UPA: Direct humanitarian assistance to the Palestinian people

With an increasingly deteriorating situation on the ground, severe food shortages in Gaza, and talk of suspending aid to the Palestinian people, the Electronic Intifada asked Makboula Yasin, Executive Director of the United Palestinian Appeal, Inc., in Washington, D.C., what people can do in terms of getting direct humanitarian assistance to the people who need it most.

The Electronic Intifada: How is the situation on the ground in Palestine compared to a few years ago?

Makboula Yasin, UPA: Palestinians are in dire need of humanitarian aid, in light of the reactions of the international community to the past Palestinian elections with threats to cease aid to Palestine. As a result, the unstable economy will fall even more than it has been, as unemployment and poverty rise drastically. Palestine is already reeling from high unemployment and a poverty rate of 48%, with half its people surviving on food aid.

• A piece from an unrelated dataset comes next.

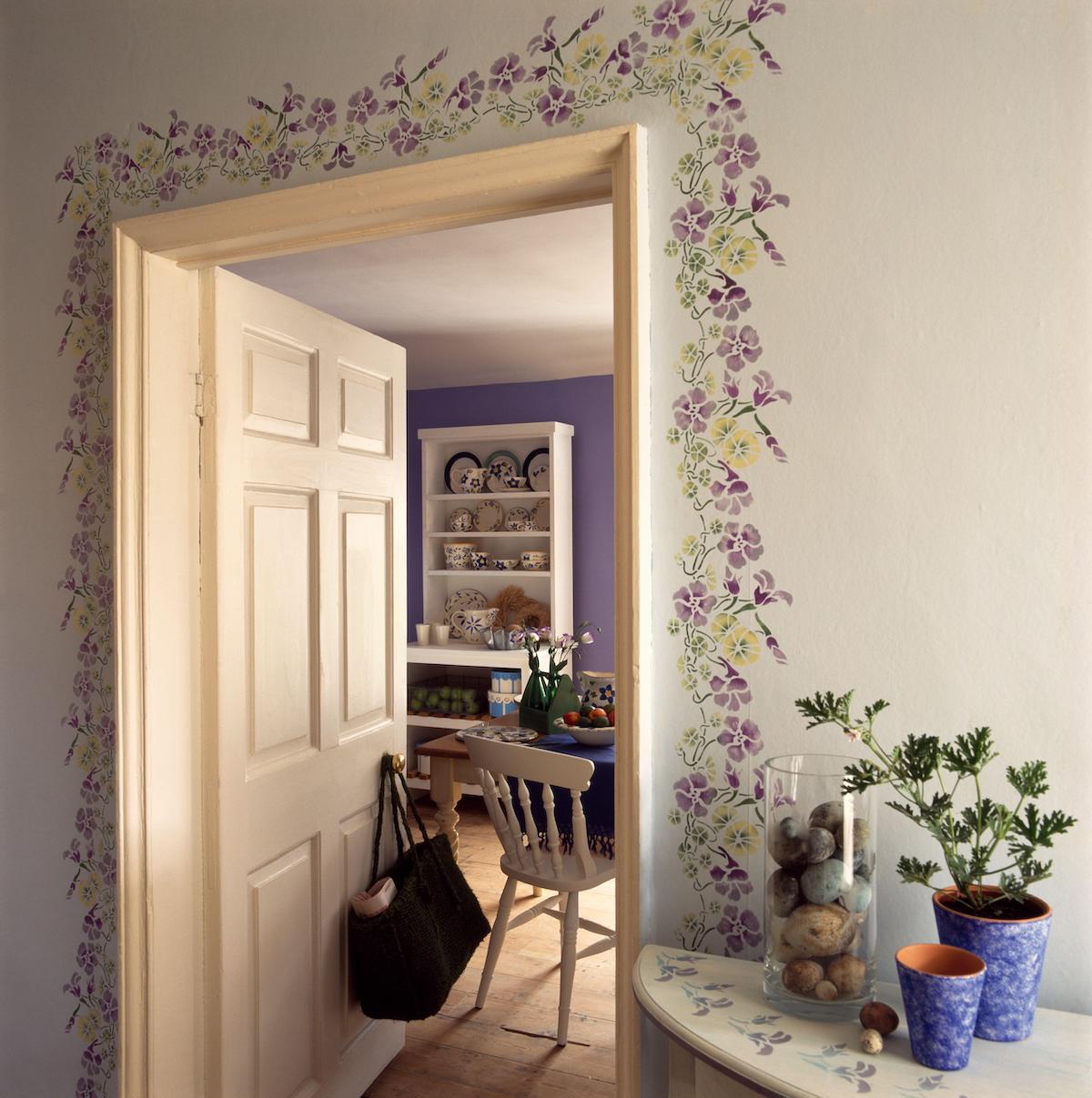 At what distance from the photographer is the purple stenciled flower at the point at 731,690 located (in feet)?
4.19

Palestinians wait to buy bread from a bakery in Gaza City, March 19, 2006. Dozens of Palestinians lined up outside bakeries today to buy bread as bakery owners complained they were running out of flour due to continued Israeli closure of the only viable commercial crossing with the Gaza Strip. (MaanImages/Wesam Saleh)

The Electronic Intifada: What are UPA’s priorities in the current period?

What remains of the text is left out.